Chroniques

par bertrand bolognesi

récital Claire-Marie Le Guay

Les nouveaux solistes / Serres d'Auteuil, Paris
- 12 septembre 2003
Thierry Cohen photographie la pianiste récital Claire-Marie Le Guay
© thierry cohen

Sous un ciel plus gris qu’à l’accoutumée, nous retrouvons le jardin des serres d’Auteuil et ses Nouveaux solistes pour le récital de Claire-Marie Le Guay – dont on rendait rendre compte des qualités d’accompagnatrice avisé au printemps dernier à l’occasion d’un concert avec Laurent Korcia [lire notre chronique du 2 mars]. Aujourd’hui, elle présente un programme concentré qu’on pourrait presque dire sérieux.
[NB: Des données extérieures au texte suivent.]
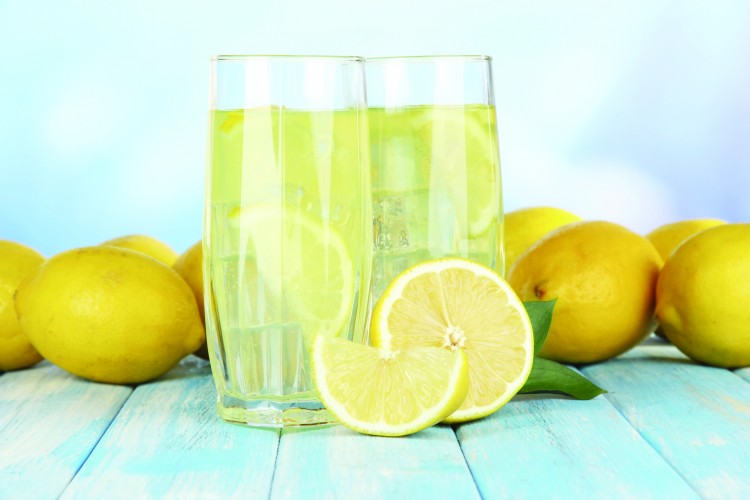 Benefícios da Água com limão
La Sonate Hob 16/49 de Joseph Haydn l’ouvre dans une lecture assez déroutante, tant par la sonorité toute schubertienne que par une mobilité inattendue des tempi. Pour joliment moelleuses qu’elles s’affirment, les fins de phrases sont toutes un peu trop prolongées, ce qui brise grandement la dynamique de chaque mouvement. L’Adagio central lorgne manifestement vers des audaces beethoveniennes, mais dans un chaos métrique et un omniprésent halo de pédale qui finissent par nuire à son intelligibilité. Cela dit, si nous aimons un Haydn nettement plus sec, d’excellents pianistes n’hésitent pas à en mouiller la sonorité générale (Lupu, par exemple), parfois même à outrance. Ce choix a l’avantage de faire entendre un troisième mouvement d’une tendresse rare, avec d’exemplaires pianississimi.

Comme il est d’usage aux Serres, la musicienne joue une œuvre contemporaine. Son choix s’est porté sur la Chaconne composée par Sofia Goubaïdoulina [Губайдулина] il y a une quarantaine d’années. Après avoir étudié le piano et la composition aux conservatoires de Kazan et Moscou, la tatare Goubaïdoulina puisa dans sa passion pour les instruments ethniques et leur implication dans des rites anciens d’origines caucasienne et asiatique une nouvelle inspiration, reposant en partie sur la sensation particulière éprouvée par l’interprète ou l’improvisateur. Si l’establishment musical soviétique s’opposait à ses recherches, des musiciens éminents défendirent sa démarche en jouant son œuvre le plus qu’ils purent, comme Valery Popov, Vladimir Tonkha, ou Gidon Kremer auquel elle dédia le fameux Offertorium qui la rendit célèbre en occident.

Sa Chaconne possède une force impressionnante, ne limitant jamais sa portée à celle de la partition. L’interprétation de ce soir, Pour irréprochable qu’elle s’avère techniquement, passe à côté de sa dimension spirituelle. Cette page induit un je-ne-sais-quoi d’incantatoire ; l’obstination de certains motifs rythmiques tient plus de la possible recherche d’une extase chamanique que d’un brillant jeu d’esprit et de sonorité. Si l’on n’en tient compte, la Chaconne passe simplement pour une vague bordée néo-classique, ce qu’elle n’est pas.

Indéniablement, c’est avec les Deux Légendes de Liszt que Claire-Marie Le Guay charme l’auditoire, par un jeu d’une délicatesse infinie, tant dans le geste, la sonorité, que dans l’articulation des phrases. On apprécie des contrastes parfaitement maîtrisés de cette version précise autant que poétique. En bis, la danse de Petrouchka (Stravinsky) vient magnifiquement clore ce moment.